I continue to watch Tarena International (TEDU) and a couple other things, but this market isn't giving us much. Stay vigilant and be patient.
Aug 05, 2014 | 10:45 AM EDT
Watching Key Groups
- Momentum and China names are on my radar.
The dip buyers made a feeble attempt after the gap-down open, but better-than-expected ISM services and factory orders helped provide support. Breadth is poor again with about 1,850 gainer to 3,400 decliners. Solar energy is leading while oil and chips are lagging.
Momentum and China-related names are holding up relatively well. Those are the key groups, and if they soften, it is sign that the limited speculative interest we still have is drying up again. So far, there isn't any obvious selling pressure, but we need to stay watchful.
I have my eye on a few China names, such as E-Commerce China Dangdang (DANG) and China Digital TV Holding (STV), but I don't see any reason to do anything aggressive now. The action still feels rather "dead cat," but that doesn't mean it can't continue. Keep an eye on the day lows as a key support area.
Aug 05, 2014 | 8:02 AM EDT
My Bias Is Bearish
- The bulls need to build on the bounce.
Life is change. Growth is optional. Choose wisely. -- Karen Kaiser Clark
We have seen this sort of action before, but Monday's very low volume bounce is being greeted with a very high level of skepticism.
Part of it is due to the fact that it is a seasonally slow time of the year, as market players take vacations and are less active, but the main driver for the pessimism is that there is less confidence that the Fed will continue to supply the gas that has driven us for so long.
The bulls are scoffing at the idea that anything has changed. We have heard before that the Fed is no longer being as effective in supporting the market and it has turned out to be dead wrong. The market has consistently found comfort in the arms of Janet Yellen and her crew. Doubting the Fed has not been a smart strategy.
Many bears are convinced that this time it is different and that a much more severe correction is lurking. There is no shortage of economic problems and international issues to provide selling catalysts, but the big question is whether they will matter this time. In the past, the market has blithely shrugged off any worries and concerns.
After the poor action we had last week, a dead-cat bounce and a retest of the lows would seem quite logical. The problem with that thinking is that it simply hasn't worked that way for a number of years. More often than not we bounce and as the bears proclaim that it is just a dead-cat bounce, we keep on running straight up. That causes a short squeeze and also pulls in the underinvested bulls from the sidelines. Before you know it we are going straight up and are back at the highs.

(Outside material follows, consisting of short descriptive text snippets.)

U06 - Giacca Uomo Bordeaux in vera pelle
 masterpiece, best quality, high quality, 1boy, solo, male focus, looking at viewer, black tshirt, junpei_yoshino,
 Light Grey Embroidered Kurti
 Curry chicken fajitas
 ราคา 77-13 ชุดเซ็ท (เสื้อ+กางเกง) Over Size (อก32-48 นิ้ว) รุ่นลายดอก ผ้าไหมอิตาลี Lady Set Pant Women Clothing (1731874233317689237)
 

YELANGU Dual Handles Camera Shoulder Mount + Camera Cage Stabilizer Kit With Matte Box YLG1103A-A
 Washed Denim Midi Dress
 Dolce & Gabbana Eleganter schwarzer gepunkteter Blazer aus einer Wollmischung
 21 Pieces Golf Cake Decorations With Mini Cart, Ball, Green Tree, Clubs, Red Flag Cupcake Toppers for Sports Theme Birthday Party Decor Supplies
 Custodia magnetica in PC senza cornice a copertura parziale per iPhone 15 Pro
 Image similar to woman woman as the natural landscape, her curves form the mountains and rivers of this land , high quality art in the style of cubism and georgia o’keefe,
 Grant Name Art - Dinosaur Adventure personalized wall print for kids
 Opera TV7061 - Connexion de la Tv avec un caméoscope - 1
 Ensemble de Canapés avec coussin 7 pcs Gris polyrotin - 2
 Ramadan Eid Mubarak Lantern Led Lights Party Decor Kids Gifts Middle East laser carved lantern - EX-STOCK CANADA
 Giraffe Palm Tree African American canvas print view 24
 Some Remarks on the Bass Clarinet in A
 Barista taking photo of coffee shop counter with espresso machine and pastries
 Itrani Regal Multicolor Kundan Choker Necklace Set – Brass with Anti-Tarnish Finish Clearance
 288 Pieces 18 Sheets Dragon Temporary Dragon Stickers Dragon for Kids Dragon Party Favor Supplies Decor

It certainly is possible for that scenario to play out again, but conditions feel somewhat different this time. What is most notable is how little energy we have had for so long. While the indices, other than the small-caps, have held up well, there just hasn't been much momentum. We don't have those pockets of speculative action that always signaled that the buyers were lurking and anxious to put cash to work.
The key to dealing with a market at this juncture is to not be too certain. It is the inflexible bulls and bears that have the most difficult struggles. I admit to having a bearish bias right now, as I don't like the narrowness of the market strength, but I'm ready to buy should the price action improve.
One interesting market timing call this morning come from Tom DeMark. He is stating that it is time to sell into the strength in the China market as he anticipates a fall of 10% to start within days. DeMark made a similar call about U.S. markets back on May 2 when he predicted an 11% correction. That turned out to be dead wrong, but it did cause a minor blip at the time.
We have flat action in the early going and not much news to contend with. The bulls need to go to work and prove that they can build on that bounce and that it isn't just a dead cat.